*** Data segment

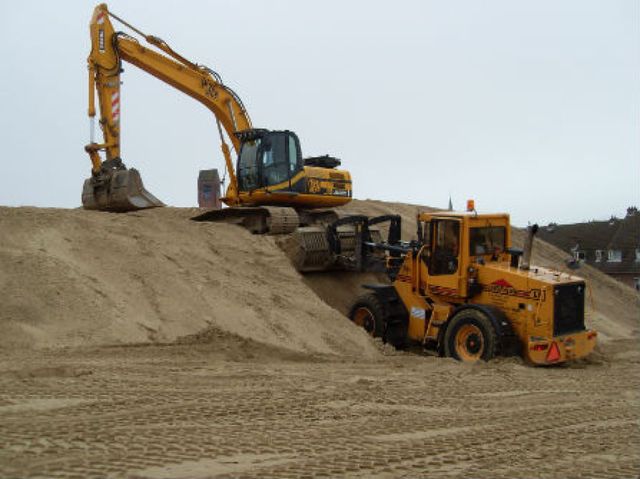 Uitgraven bunker bij Scheveningen.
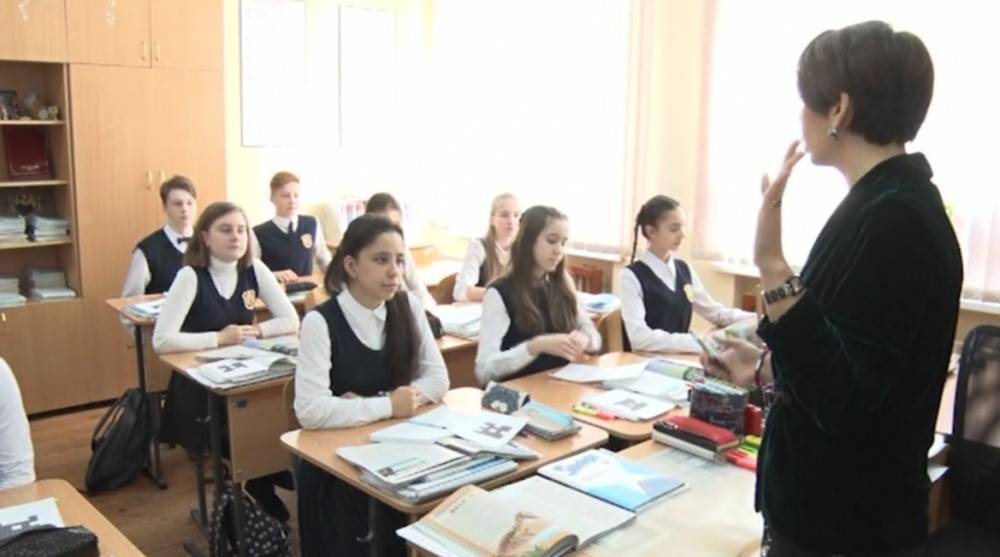 Радий Хабиров - В Башкирии начался прием заявок от молодых педагогов на гранты в 600 тысяч рублей - bash.news - Башкирия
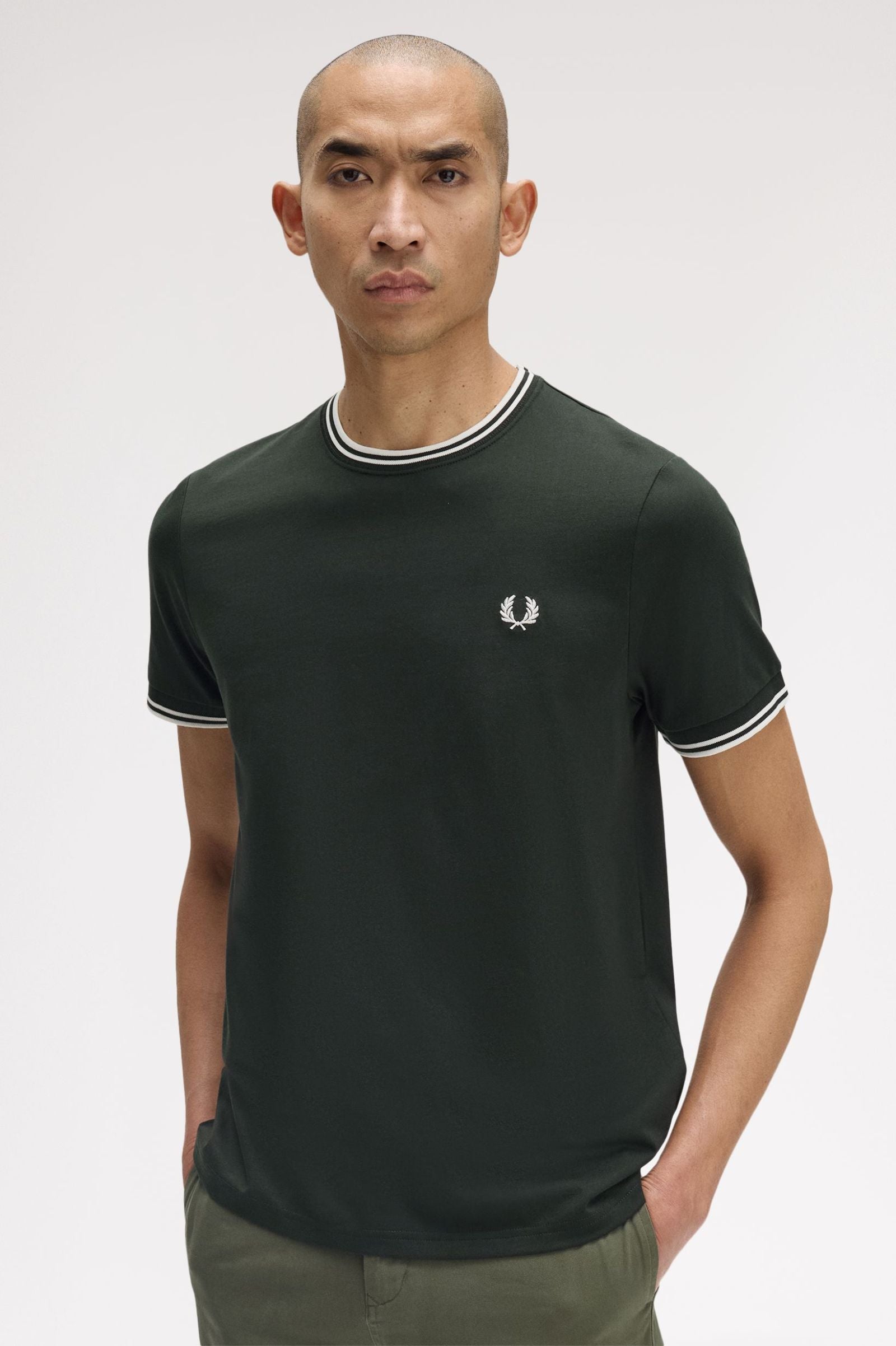 Fred Perry M1588V Twin Tipped T-Shirt - 53A Night Green/Snow White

******

*How to complete this task*. Return the listing verbatim; pictures are not part of the copy.

*The answer*.
 Uitgraven bunker bij Scheveningen.
 Радий Хабиров - В Башкирии начался прием заявок от молодых педагогов на гранты в 600 тысяч рублей - bash.news - Башкирия
 Fred Perry M1588V Twin Tipped T-Shirt - 53A Night Green/Snow White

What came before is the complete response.